Para o presidente do comitê, Galdino Andrade, o enquadramento dos trechos da bacia entre classes 1 e 3 é importante para que ocorra melhorias na qualidade da água e para manter atividades econômicas ligadas aos rios na região. Ele confirmou que alguns ribeirões possuem características de classe 4, mas a classificação como 3 possibilita a recuperação planejada para as próximas duas décadas. "O próximo passo é a implantação de um plano para que todos os rios da bacia possam chegar pelo menos à classe 3. Os maiores beneficiados serão os rios das áreas urbanas", comentou.
Andrade informou que em 2025 o plano deve ser revisto e que as metas finais são previstas para 2035, sendo que o objetivo é melhorar a classificação dos rios nos próximos 20 anos. De acordo com ele, as metas só serão alcançados com investimentos do setor público e privado, já que empresas particulares também devem se adaptar para evitar a poluição dos rios da região. "A agricultura ainda precisa investir na recuperação das matas ciliares para que os resíduos não cheguem até os afluentes da bacia", acrescentou.
Uma nova audiência foi realizada no início da noite de ontem em Ponta Grossa, mas o presidente do comitê acreditava que a deliberação sobre a classificação do Tibagi seria a mesma tomada pela reunião em Londrina.

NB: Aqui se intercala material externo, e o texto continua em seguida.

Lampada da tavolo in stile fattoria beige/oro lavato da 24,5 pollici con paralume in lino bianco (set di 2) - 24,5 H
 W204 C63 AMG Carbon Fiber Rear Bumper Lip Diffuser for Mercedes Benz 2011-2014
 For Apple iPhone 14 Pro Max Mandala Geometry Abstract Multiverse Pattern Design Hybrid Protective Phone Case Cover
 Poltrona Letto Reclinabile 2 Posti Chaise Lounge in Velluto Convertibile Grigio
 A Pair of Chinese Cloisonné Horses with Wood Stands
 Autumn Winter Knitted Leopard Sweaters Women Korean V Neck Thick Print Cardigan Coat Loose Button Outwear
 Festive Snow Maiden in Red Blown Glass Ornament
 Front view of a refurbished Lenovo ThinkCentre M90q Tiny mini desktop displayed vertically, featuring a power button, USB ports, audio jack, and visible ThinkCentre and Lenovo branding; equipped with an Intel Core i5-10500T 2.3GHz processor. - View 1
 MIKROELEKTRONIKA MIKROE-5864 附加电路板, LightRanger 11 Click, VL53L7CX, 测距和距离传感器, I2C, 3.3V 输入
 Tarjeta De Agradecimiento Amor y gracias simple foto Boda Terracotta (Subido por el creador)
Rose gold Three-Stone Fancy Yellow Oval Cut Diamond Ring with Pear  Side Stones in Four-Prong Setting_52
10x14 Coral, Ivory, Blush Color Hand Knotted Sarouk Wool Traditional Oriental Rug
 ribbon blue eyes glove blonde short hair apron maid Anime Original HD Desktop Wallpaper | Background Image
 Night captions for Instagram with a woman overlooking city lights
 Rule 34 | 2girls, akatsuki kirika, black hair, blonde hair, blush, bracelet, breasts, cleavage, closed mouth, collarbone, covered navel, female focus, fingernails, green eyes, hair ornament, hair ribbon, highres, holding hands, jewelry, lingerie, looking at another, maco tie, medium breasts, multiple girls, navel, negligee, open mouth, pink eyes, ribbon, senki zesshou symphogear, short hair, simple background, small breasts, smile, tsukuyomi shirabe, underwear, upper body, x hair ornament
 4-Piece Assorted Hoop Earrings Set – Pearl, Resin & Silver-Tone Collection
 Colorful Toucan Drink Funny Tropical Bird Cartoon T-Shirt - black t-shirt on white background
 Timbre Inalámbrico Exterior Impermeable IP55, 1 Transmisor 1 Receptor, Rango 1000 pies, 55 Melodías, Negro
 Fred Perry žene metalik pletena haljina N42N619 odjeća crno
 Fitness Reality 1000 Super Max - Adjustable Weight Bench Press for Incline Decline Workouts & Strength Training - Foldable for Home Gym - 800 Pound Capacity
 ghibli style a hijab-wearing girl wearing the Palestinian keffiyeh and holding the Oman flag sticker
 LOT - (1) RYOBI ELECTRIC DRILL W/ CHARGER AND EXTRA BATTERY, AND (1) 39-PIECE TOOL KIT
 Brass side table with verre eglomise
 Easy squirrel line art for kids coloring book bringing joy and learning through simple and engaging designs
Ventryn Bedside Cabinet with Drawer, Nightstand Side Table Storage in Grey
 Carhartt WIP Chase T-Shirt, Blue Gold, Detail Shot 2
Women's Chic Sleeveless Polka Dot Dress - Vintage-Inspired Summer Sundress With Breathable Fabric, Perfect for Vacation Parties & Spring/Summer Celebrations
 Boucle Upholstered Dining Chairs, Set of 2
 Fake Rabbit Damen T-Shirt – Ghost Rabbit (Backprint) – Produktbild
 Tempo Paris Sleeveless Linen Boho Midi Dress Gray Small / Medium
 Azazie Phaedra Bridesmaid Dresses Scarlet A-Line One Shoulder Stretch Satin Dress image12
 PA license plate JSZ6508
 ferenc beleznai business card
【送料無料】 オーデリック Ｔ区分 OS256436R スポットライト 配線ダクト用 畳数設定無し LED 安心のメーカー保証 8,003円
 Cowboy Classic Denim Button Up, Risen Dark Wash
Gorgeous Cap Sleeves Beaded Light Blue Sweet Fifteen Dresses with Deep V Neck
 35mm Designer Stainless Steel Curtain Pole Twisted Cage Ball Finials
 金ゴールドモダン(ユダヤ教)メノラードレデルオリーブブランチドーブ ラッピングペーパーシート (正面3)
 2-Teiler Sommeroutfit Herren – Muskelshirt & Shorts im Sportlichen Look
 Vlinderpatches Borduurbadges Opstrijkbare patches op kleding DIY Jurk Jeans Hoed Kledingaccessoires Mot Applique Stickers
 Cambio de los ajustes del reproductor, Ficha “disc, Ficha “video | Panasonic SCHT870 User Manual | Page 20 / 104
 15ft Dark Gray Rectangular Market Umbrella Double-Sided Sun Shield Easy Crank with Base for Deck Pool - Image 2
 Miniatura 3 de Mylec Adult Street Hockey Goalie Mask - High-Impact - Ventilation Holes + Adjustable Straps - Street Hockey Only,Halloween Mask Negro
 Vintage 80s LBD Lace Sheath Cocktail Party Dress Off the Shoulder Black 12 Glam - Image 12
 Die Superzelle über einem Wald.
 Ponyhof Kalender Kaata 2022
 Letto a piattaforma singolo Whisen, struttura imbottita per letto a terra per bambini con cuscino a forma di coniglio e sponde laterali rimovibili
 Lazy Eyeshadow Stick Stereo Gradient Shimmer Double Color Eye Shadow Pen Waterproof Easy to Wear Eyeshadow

A assessoria de imprensa da Sanepar informou que a empresa aguarda a conclusão do plano de reenquadramento da bacia do rio Tibagi com a definição das metas para estudar os investimentos no sistema. Por meio da assessoria, o gerente geral da Sanepar, Sérgio Bahls, disse que as estações de tratamento de esgoto de Londrina estão recebendo obras de melhoria operacional que ultrapassam R$ 50 milhões. "Estamos investindo para melhorar a qualidade do efluente final. Já temos índice de coleta e tratamento muito superior a outras cidades brasileiras do mesmo porte."
Bahls lembra ainda que a Companhia está envolvida diretamente no plano de recuperação do Rio Iguaçu. "Trata-se de uma decisão de governo e representa um investimento sem precedentes, que deve repercutir em outras regiões do Paraná", afirma.